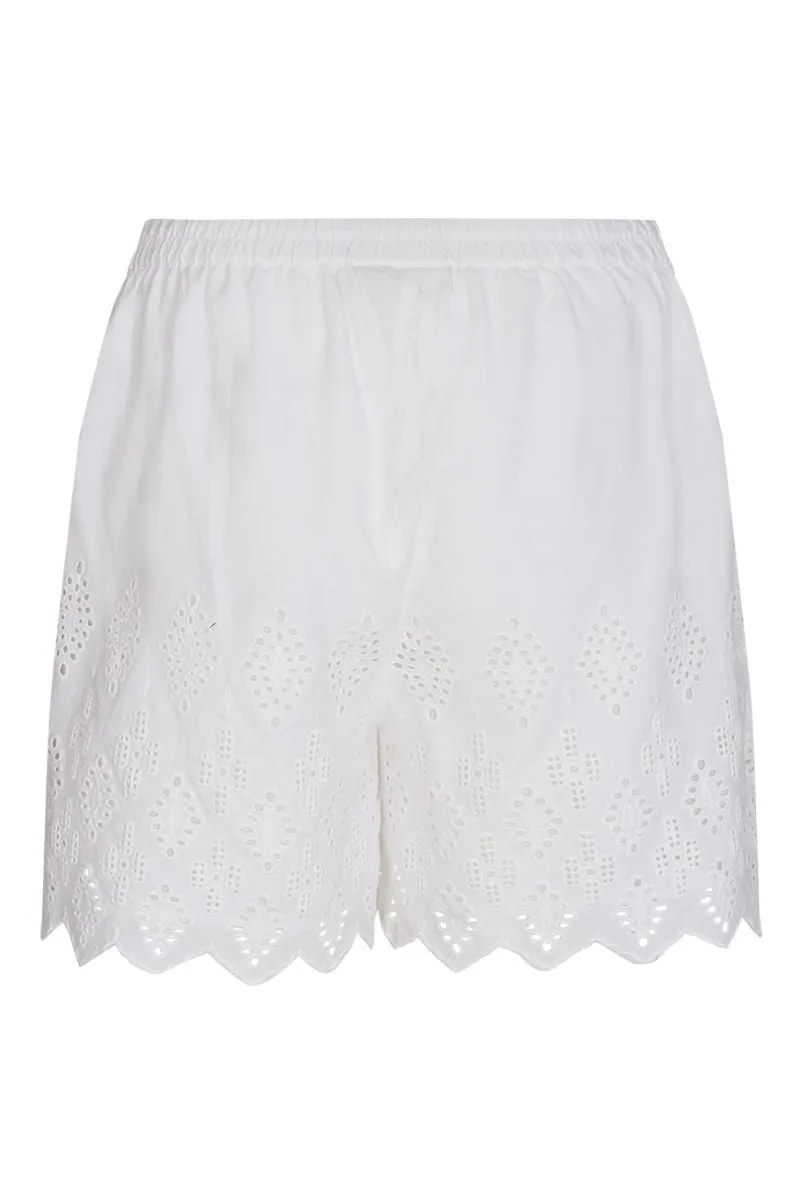 Embi Sho | Brilliant White | Shorts fra Freequent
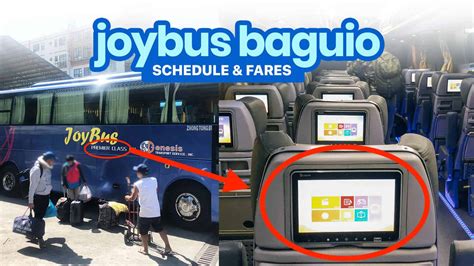 baguio to naia terminal 3|JOY BUS MANILA TO BAGUIO & BACK: Schedule.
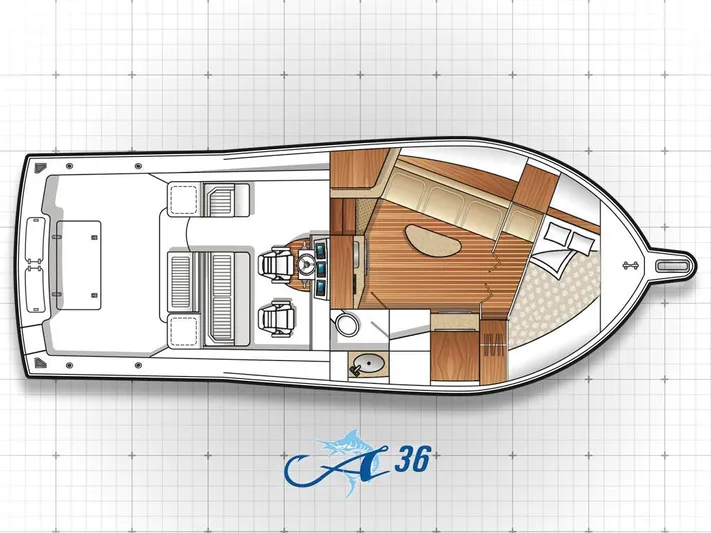 Salty Bear Yacht Photos Pics 2022 Albemarle 36 Express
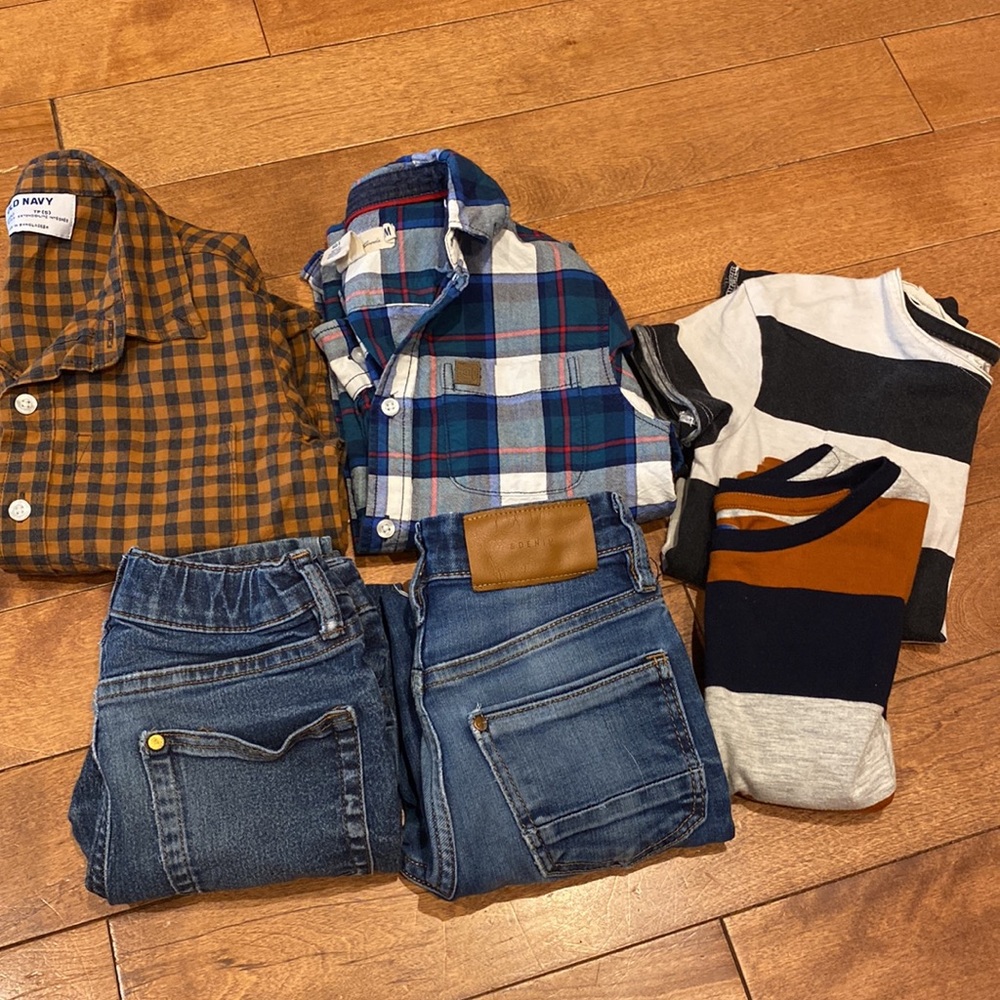 5-6-7Y Size Boys Bundle
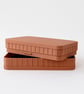 Personalised Travel Soap Dish with Removable Drainage Grid, Leak Resistant - Image 7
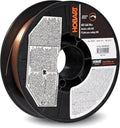 ER70S-6 Carbon-Steel Solid Welding Wire, 0.035-Inch, 10-Pound T7577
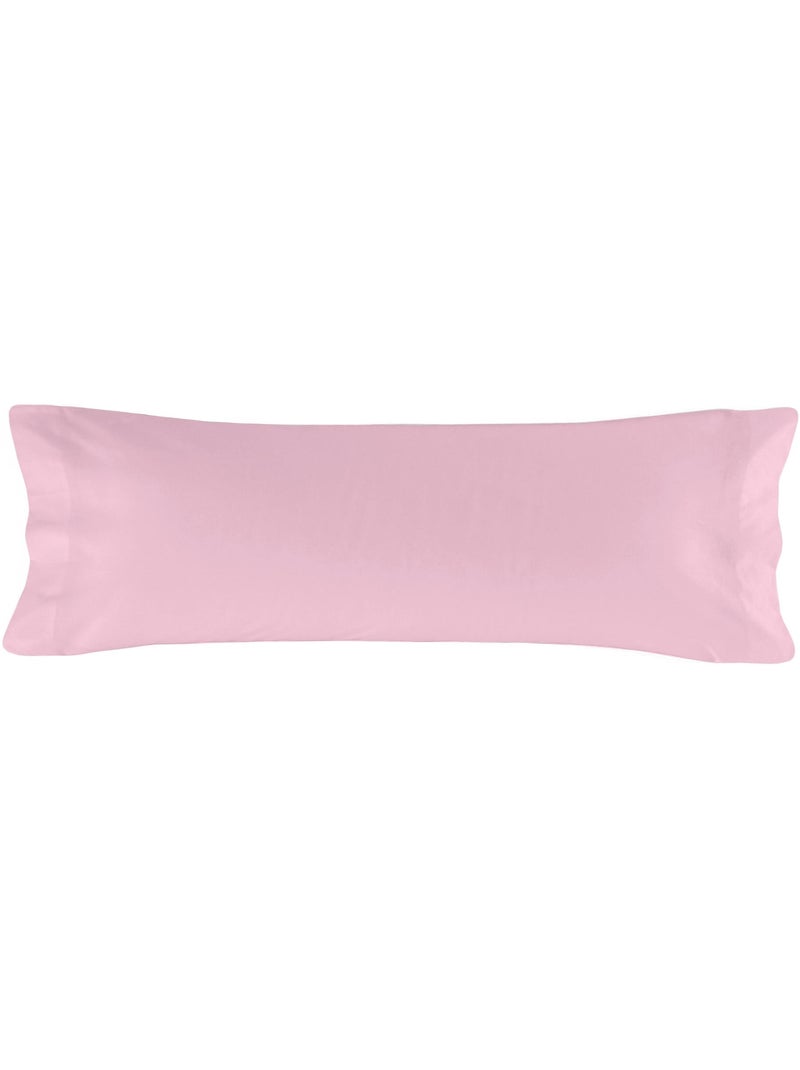 Lakenset 2-delig Basic "Happyfriday" Roze - Kiabi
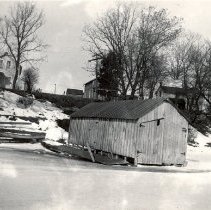 Vollmer Boat House, Winsted Lake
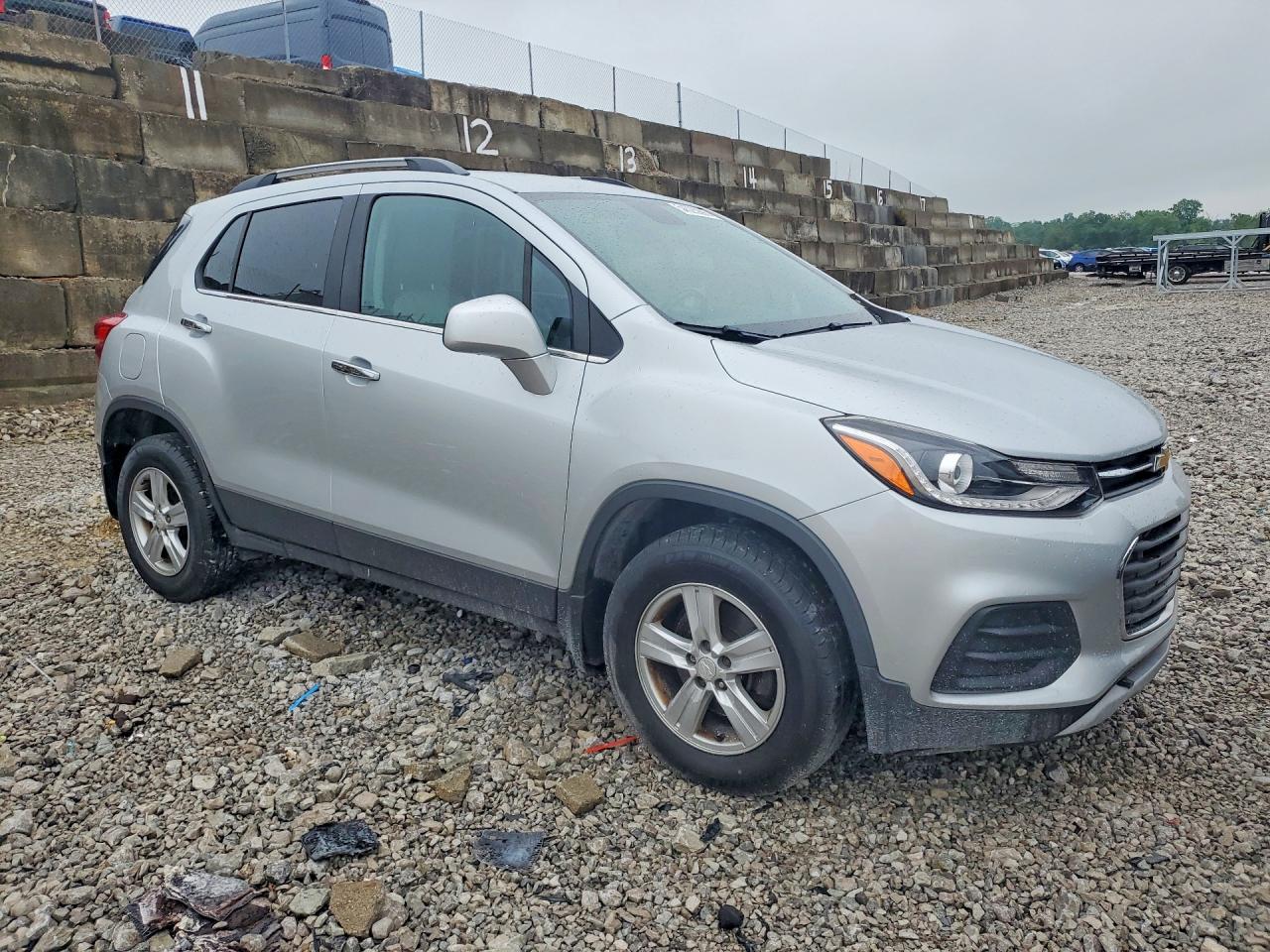 2020 CHEVROLET TRAX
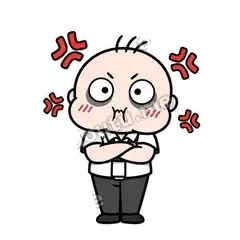 气鼓鼓 - 打工人第二弹表情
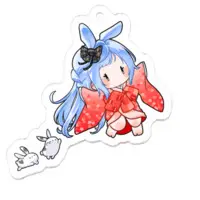 Alice Yumemiya - Acrylic Key Chain - Key Chain - VTuber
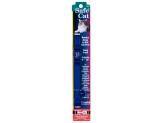 Coastal Safe Cat Adjustable Snag-Proof Nylon Breakaway Collar Blue 3/8X8-12In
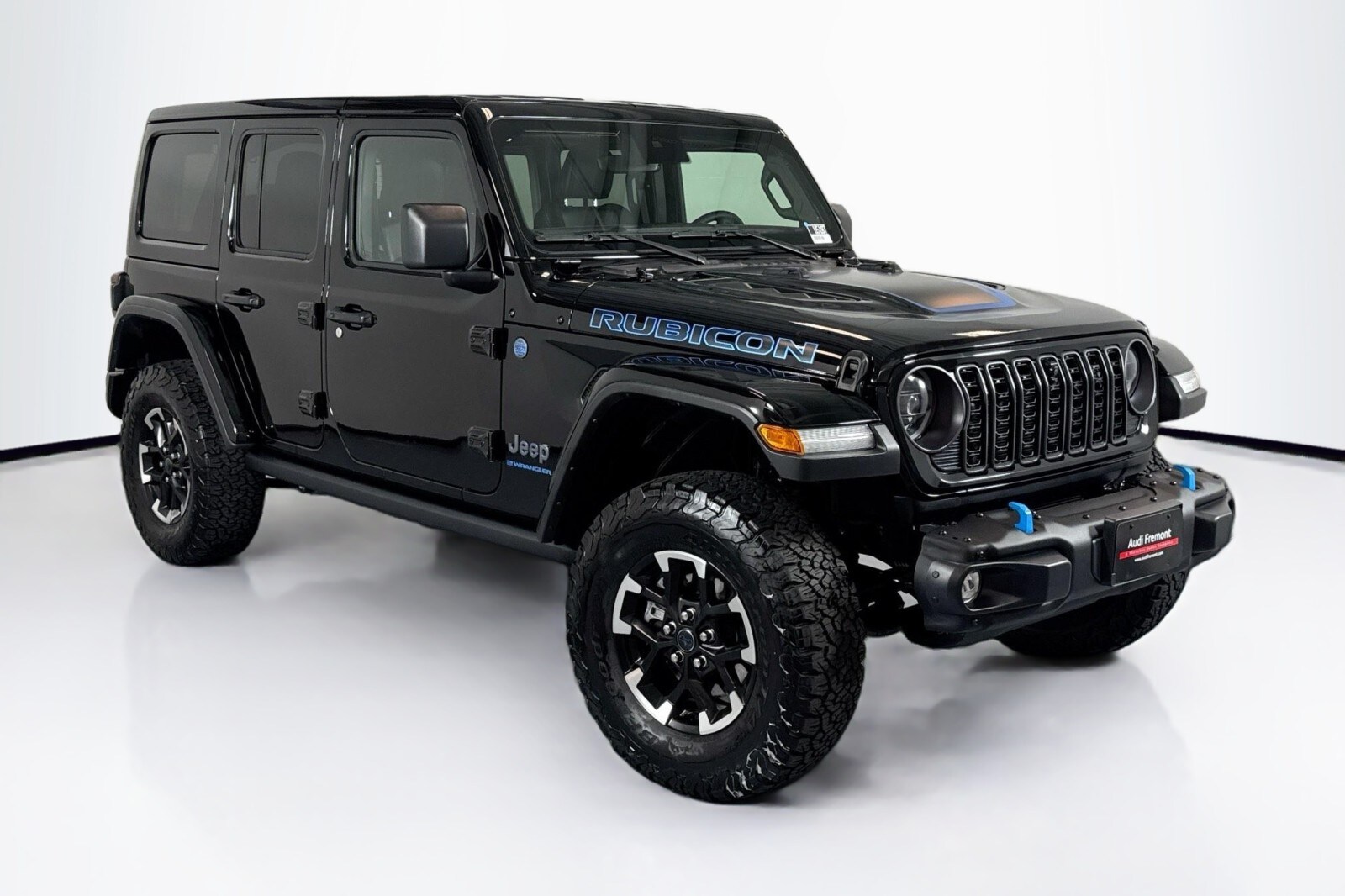 2024 Jeep Wrangler 4xe Rubicon photo 3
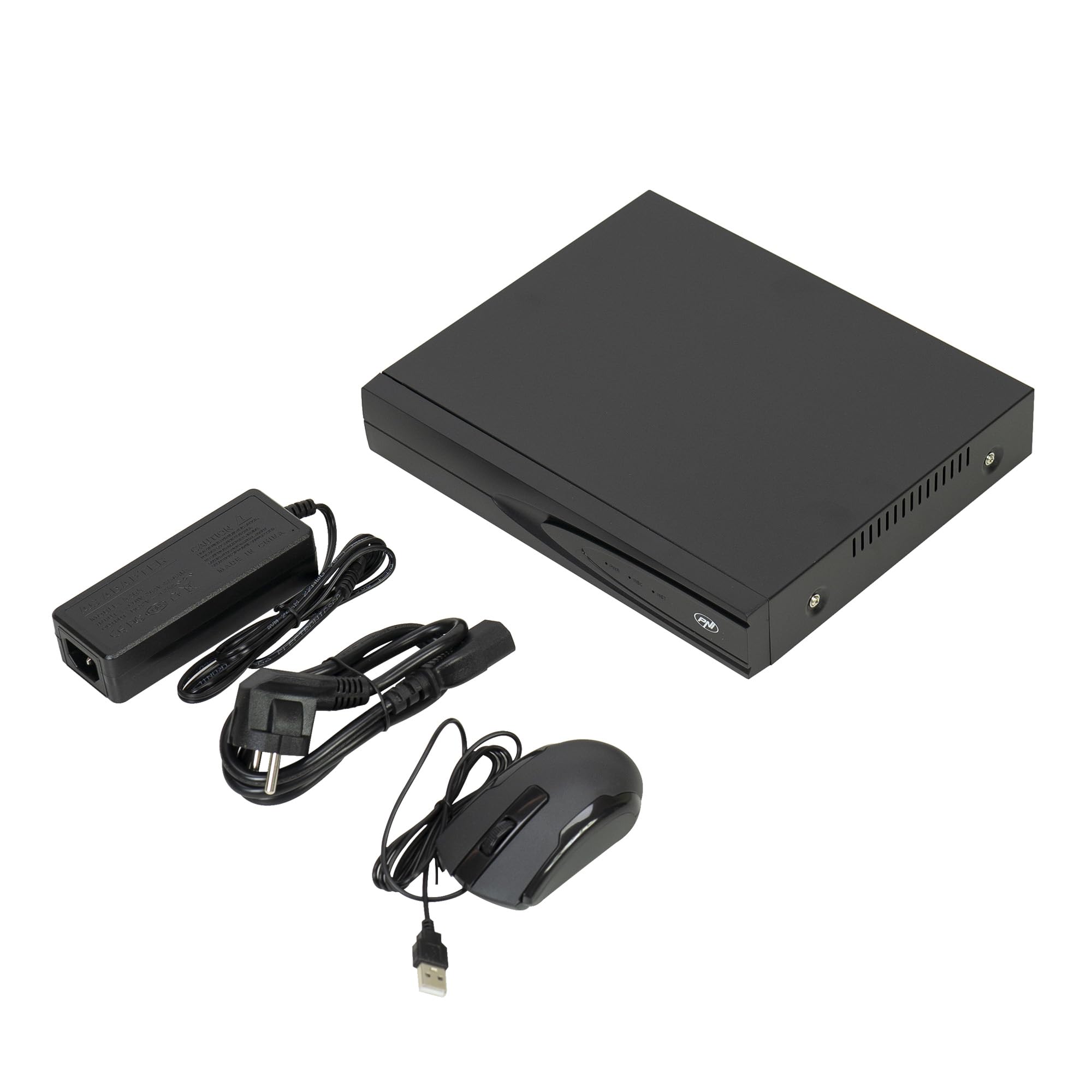 NVR - Pacchetto di videosorveglianza POE, 2 telecamere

=-=-=

Write out the full listing verbatim, excluding its pictures.

> **Written response**
 Embi Sho | Brilliant White | Shorts fra Freequent
 baguio to naia terminal 3|JOY BUS MANILA TO BAGUIO & BACK: Schedule.
 Salty Bear Yacht Photos Pics 2022 Albemarle 36 Express
 5-6-7Y Size Boys Bundle
 Personalised Travel Soap Dish with Removable Drainage Grid, Leak Resistant - Image 7
 ER70S-6 Carbon-Steel Solid Welding Wire, 0.035-Inch, 10-Pound T7577
 Lakenset 2-delig Basic "Happyfriday" Roze - Kiabi
 Vollmer Boat House, Winsted Lake
 2020 CHEVROLET TRAX
 气鼓鼓 - 打工人第二弹表情
 Alice Yumemiya - Acrylic Key Chain - Key Chain - VTuber
 Coastal Safe Cat Adjustable Snag-Proof Nylon Breakaway Collar Blue 3/8X8-12In
 2024 Jeep Wrangler 4xe Rubicon photo 3
 NVR - Pacchetto di videosorveglianza POE, 2 telecamere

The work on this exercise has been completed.